The woman knew that being alone with a man who wasn't her husband was illegal, "and therefore she violated the covenant of marriage." However, the woman was engaged -- not married -- at the time.
After the incident, the woman and the man did not come forward about the assaults or press charges until someone contacted the woman's husband "telling him what happened, and about his wife's affair and adultery," the ministry said. "She then confessed ... the husband therefore came forward to the police and formally complained nearly three months after the incident."
The woman and her companion "exposed themselves to this heinous crime, causing the crime to take place because of their violations of the pure Sharia ruling" -- the country's strict Islamic law.
The case was handled through regular court procedures, and the woman, her male companion and the attackers all agreed in court to the initial sentences, the government said in a previous statement.

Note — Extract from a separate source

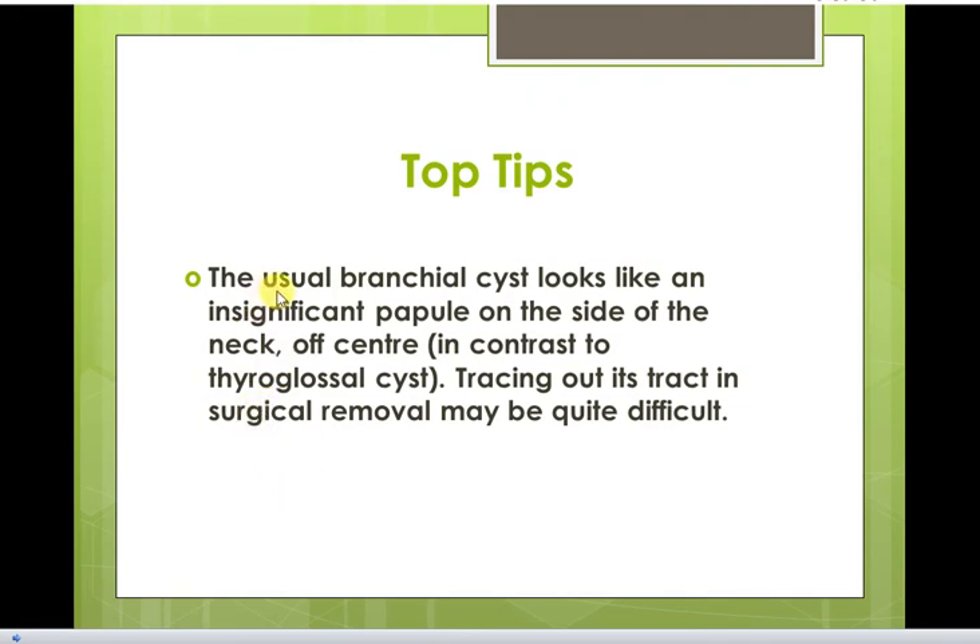The usual branchial cysts look like an insignificant papule on the side of the neck. In contrast to thyroglossal cysts, tracing out their tract during surgical removal may be quite difficult.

The woman's husband told CNN earlier this week that "from the onset, my wife was dealt with as a guilty person who committed a crime. She was not given any chance to prove her innocence or describe how she was a victim of multiple brutal rapes."
Asked about the ministry's statement Saturday, the husband declined to comment publicly.
The woman's attorney, Abdulrahman al-Lahim, has said his law license was revoked to punish him for speaking to the Saudi-controlled news media about the case. Attempts by CNN to reach al-Lahim Saturday were unsuccessful.
Al-Lahim previously said the woman met the man at a shopping mall in order to retrieve an innocuous photograph from him. He has also said the man was blackmailing his client and forced her to have the meeting to save her engagement and avoid embarrassment.
The woman's husband did not find out about the crime until his friends told him the rapists were bragging about it in the Qatif community, The Arab News reported in its Sunday editions, citing a source close to the case.
Earlier this week, the woman's husband blamed his wife's treatment on a judge with a personal vendetta. Al-Lahim told CNN that the head judge in the three-judge panel that considered the case was opposed to his client from the beginning. Both said they believe the man forced the woman to meet with him, but said she was not allowed to present that in court.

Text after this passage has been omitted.